For centuries, streets used to be a place to be with each other, to live, talk, trade, play and move around. Only in the past century has it become a space for traffic: a place to drive through and away from as quickly and efficiently as possible. People on the street have become subordinate to the car. Most people don’t realise this, because we all became used to thinking about the street in traffic logic. For example: we say a street is ‘closed’ for a fair or an athletic event. Closed, for whom? For motorists. But actually, the street is open for people.
Here’s another example: we talk about ‘vulnerable road users’. But they have been made vulnerable by heavy and fast traffic. Why don’t we call those fast, heavy traffic participants ‘dangerous road users’?
Cars have been in our streets for over a hundred years now, but traffic logic took over the streets in Europe only in the 1950s and ‘60s. This didn’t happen just like that. Through the postwar Marshall Plan, Dutch engineers were paid by Americans to attend events of the International Road Federation (IRF), Irish engineers in the 1960s also obtained fellowships from the IRF. This sounds neutral, but the IRF was a union founded in 1948 - the same year as the Marshall Plan started - by a number of oil companies, the association of American car manufacturers and car tyre makers.
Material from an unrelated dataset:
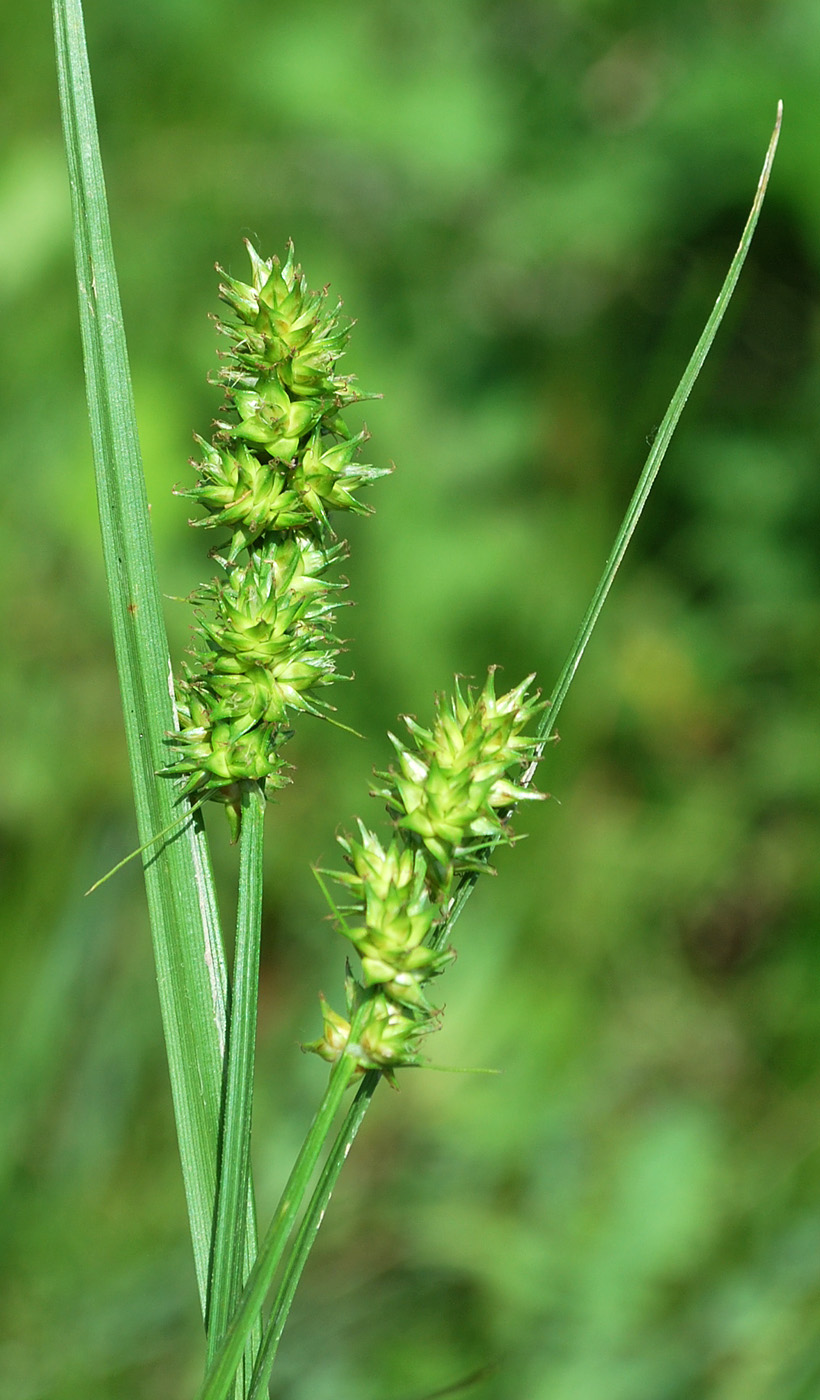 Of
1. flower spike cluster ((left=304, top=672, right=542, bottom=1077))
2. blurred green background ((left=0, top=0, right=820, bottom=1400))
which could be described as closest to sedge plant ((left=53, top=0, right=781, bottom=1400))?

From the IRF, European engineers learned about the profession of the traffic engineer, and this is how we got traffic engineers here too. Their logic became decisive in thinking about the street. It gave us the street design we now find normal - with pedestrian crossings, traffic lights and lines everywhere on the road. Children who had previously just played in the streets were pushed into their own space, in playgrounds. With cars being allowed to dominate the street all of this became a necessity. Nowadays, traffic engineers are often the only professional group that municipalities ask to sit around the table when it comes to the design of a street or a neighbourhood. And yet people do or could do much more here than drive a car.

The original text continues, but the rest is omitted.